Bénies soient les mutuelles niortaises ! Elles permettent à la capitale deux-sévrienne de ne pas être dans l’œil du cyclone de la Cour des comptes et de son rapport – critique – sur la gratuité des transports publics. Grâce à la concentration sur son territoire des sièges d’assureurs et aux recettes générées par le versement mobilité pesant sur les entreprises, la ville aux 60 000 habitants peut se passer de la billetterie des bus depuis huit ans. Et elle ne reviendra pas en arrière. La fréquentation est en hausse : six millions de voyages en 2025 contre trois en 2016, selon la municipalité. Pour le maire centriste Jérôme Baloge, la gratuité a un impact sur le pouvoir d’achat. « Le réseau payant c’était 300 € par an en 2016. »

« Une avancée sociale »

À 840 km de Niort, Aubagne (47 000 habitants, Bouches-du-Rhône) tire aussi un bilan positif des bus et tramways gratuits. Seize ans que cela dure. Une décision partagée par les onze autres communes de l’ex-agglomération. « Cette gratuité permet d’offrir une liberté de mouvement », souligne le maire LR Gérard Gazay, malgré un manque à gagner d’un million d’euros chaque année, compensé par la métropole Aix-Marseille. Signe que l’exemple aubagnais porte ses fruits, les 80 autres communes de la métropole ont, à leur tour, rendu les transports gratuits depuis peu, pour les moins de onze ans et les 65 ans et plus. Soit 750 000 habitants.

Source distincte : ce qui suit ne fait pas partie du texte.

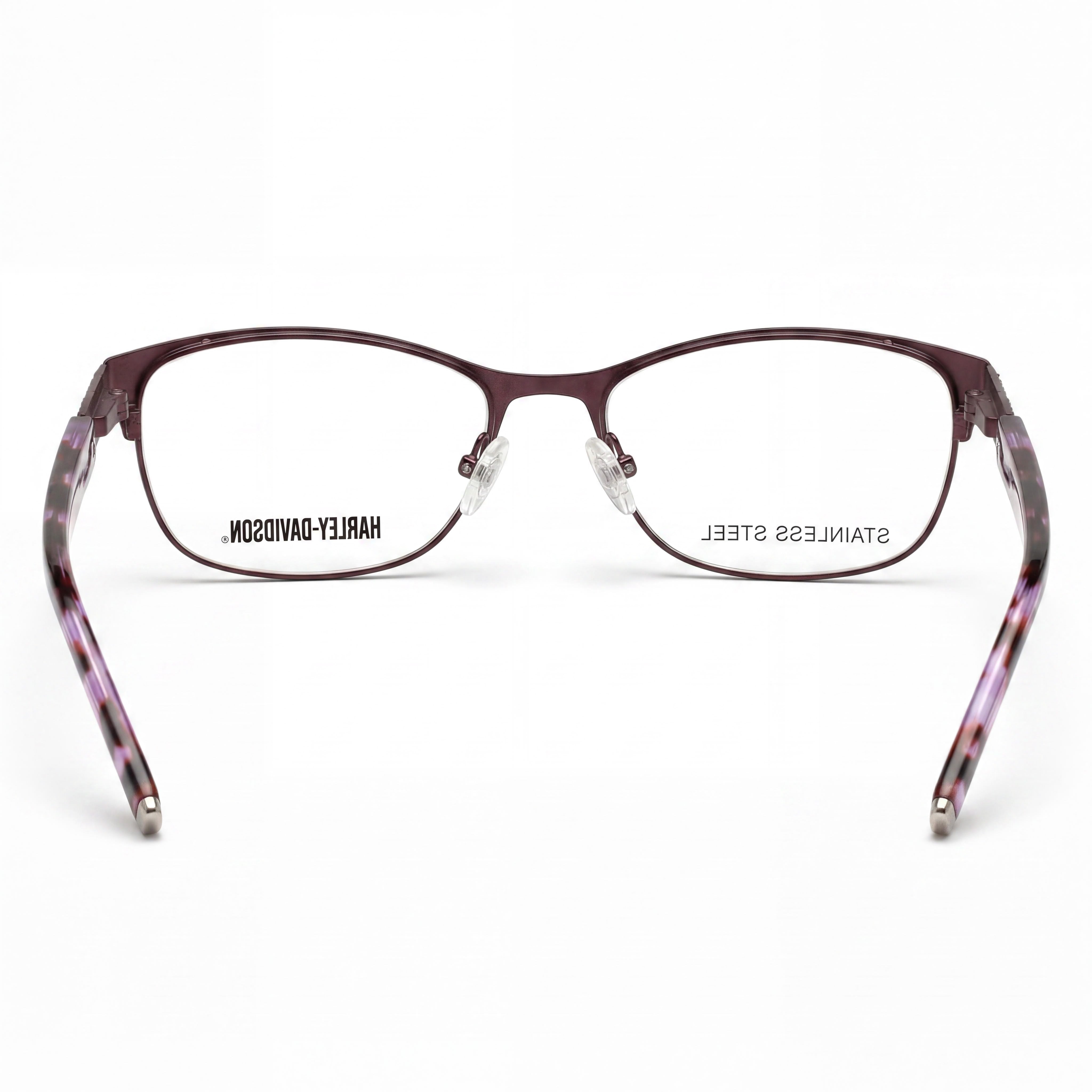 Gafas Harley-Davidson Hd0540 con montura metálica para mujer y lentes de policarbonato, color violeta mate habana 56 mm, Photo 3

Début septembre, Rouen (Seine-Maritime) a également mis ses bus et tramways gratuits pour les moins de dix-huit ans. « Une avancée pour le pouvoir d’achat et l’écologie », note le maire socialiste Nicolas Mayer-Rossignol. « Résultat ? Déjà + 30 % de fréquentation ». La perte de recettes – 4,3 millions par an – a été compensée par une renégociation de la délégation de service public. « On a dégagé dix millions d’euros d’économies par an. » Rouen pratique aussi la gratuité pour tous le samedi.

Retour en arrière

Cette avancée sociale plébiscitée par Rouen est partagée par Dunkerque. La ville du Nord et les seize communes alentour (200 0000 habitants) appliquent la gratuité des bus pour tous depuis 2018. Un choix politique et budgétaire assumé. « On privilégie dix-sept millions d’euros sur la mobilité plutôt que d’autres investissements. Le bilan est positif : + 155 % de fréquentation des bus en sept ans, des habitants qui revendent leur deuxième voiture », explique Jean-François Montagne. Pour l’élu, aucun rétropédalage n’est prévu.

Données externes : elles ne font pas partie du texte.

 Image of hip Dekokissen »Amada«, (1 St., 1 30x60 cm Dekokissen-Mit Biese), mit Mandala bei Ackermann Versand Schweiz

Ce retour en arrière du gratuit au payant, Cluses (Haute-Savoie) a été contrainte de le faire. C’était en 2017 lors de l’extension du réseau de transport à toute la communauté de communes. Même punition à Manosque (Alpes-de-Haute-Provence) voilà six ans, au moment de la création d’une desserte dans le périmètre de l’agglomération. « Nous sommes un département rural, avec de grandes distances. Le paiement était une nécessité », explique-t-on à l’Agglo. Laquelle veut retravailler l’offre de transport après le scrutin municipal de mars 2026, afin de maintenir les tarifs actuels et d’étendre la fréquentation – encore timide – des bus.